Exercise —
Please retype the entries below exactly, only from their first line through the line containing "パパのガールハートチャーム image number 3", leaving every picture out.

------------------------------------------------------------------------

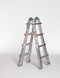 Waku Ladders Telescoopladder vouwladder - 4x4 treden - Werkhoogte 4.20m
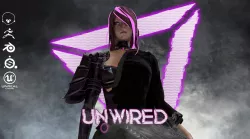 Evelynn V1 - Gameready Cyberpunk Character Low-poly 3D model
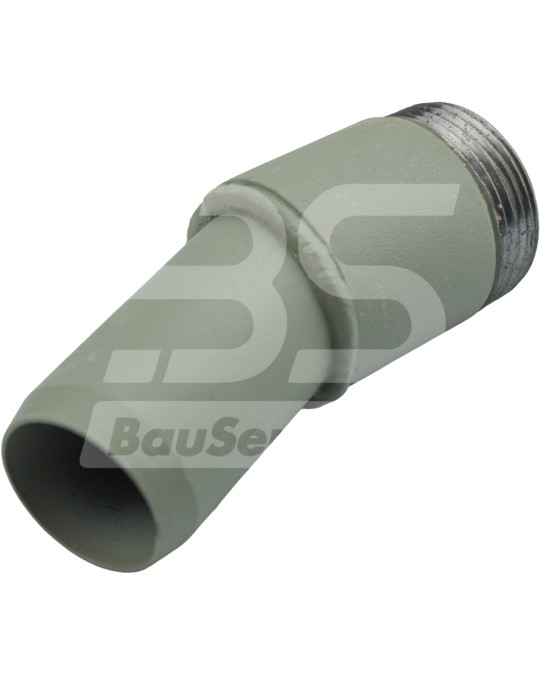 Return pipe of the Putzmeister P13 siphon. photo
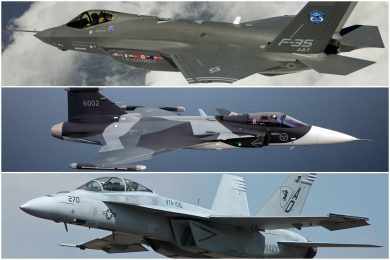 Canadá recebe ofertas de caças F-35, F/A-18E e Gripen E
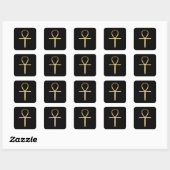Sticker Carré Symbole Ankh cross-égyptien (Feuille)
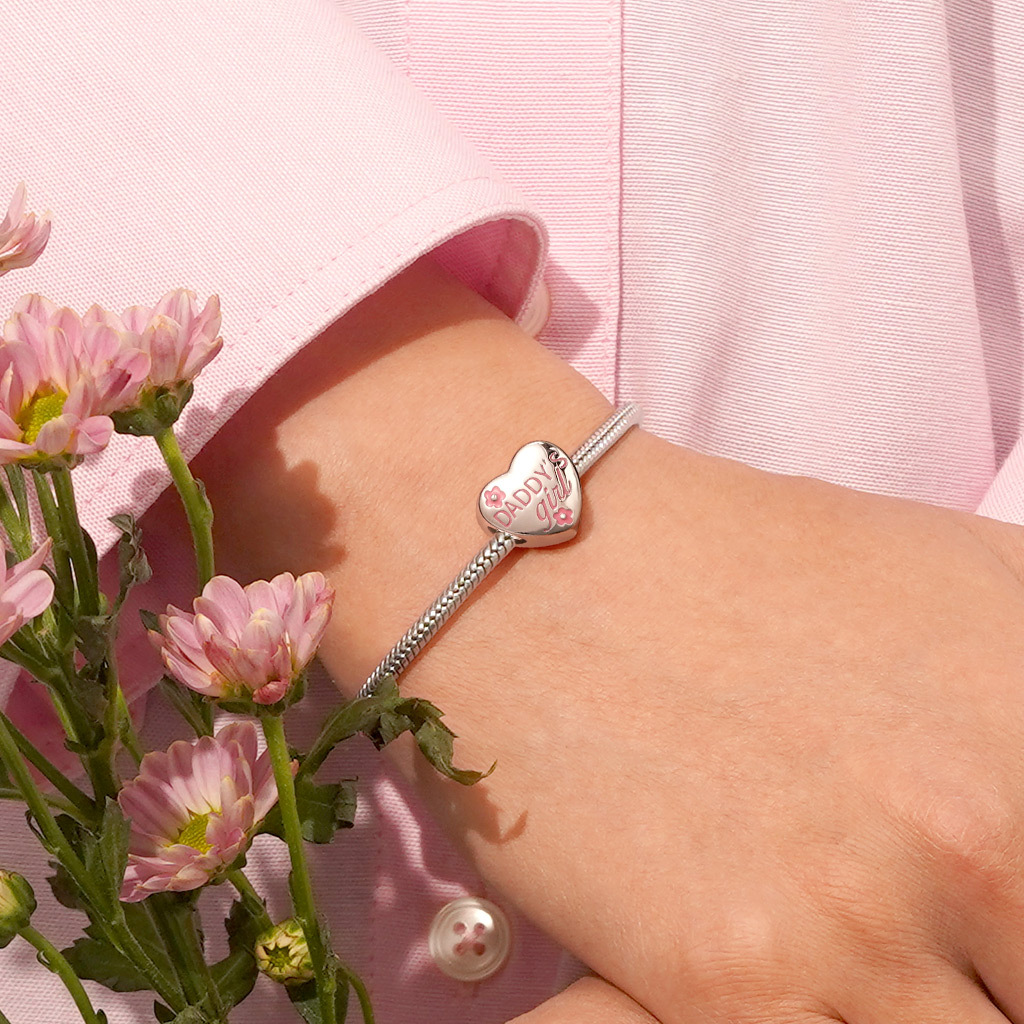 パパのガールハートチャーム image number 3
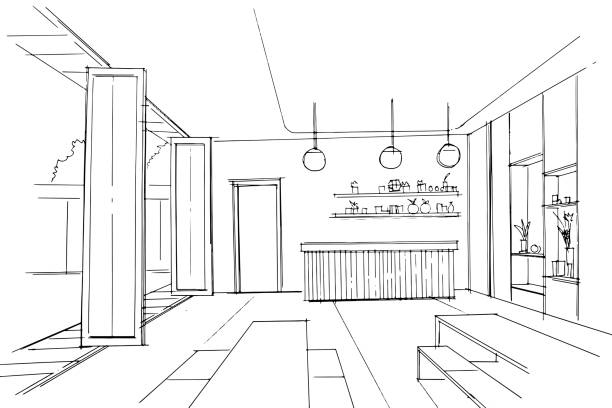 13,300+ Interior Design Blueprints Stock Photos, Pictures & Royalty ...
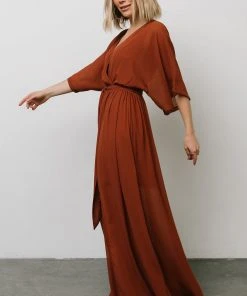BB Custom Kia Kimono Maxi Dress | Rust Dresses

------------------------------------------------------------------------

Answer box —
 Waku Ladders Telescoopladder vouwladder - 4x4 treden - Werkhoogte 4.20m
 Evelynn V1 - Gameready Cyberpunk Character Low-poly 3D model
 Return pipe of the Putzmeister P13 siphon. photo
 Canadá recebe ofertas de caças F-35, F/A-18E e Gripen E
Sticker Carré Symbole Ankh cross-égyptien (Feuille)
 パパのガールハートチャーム image number 3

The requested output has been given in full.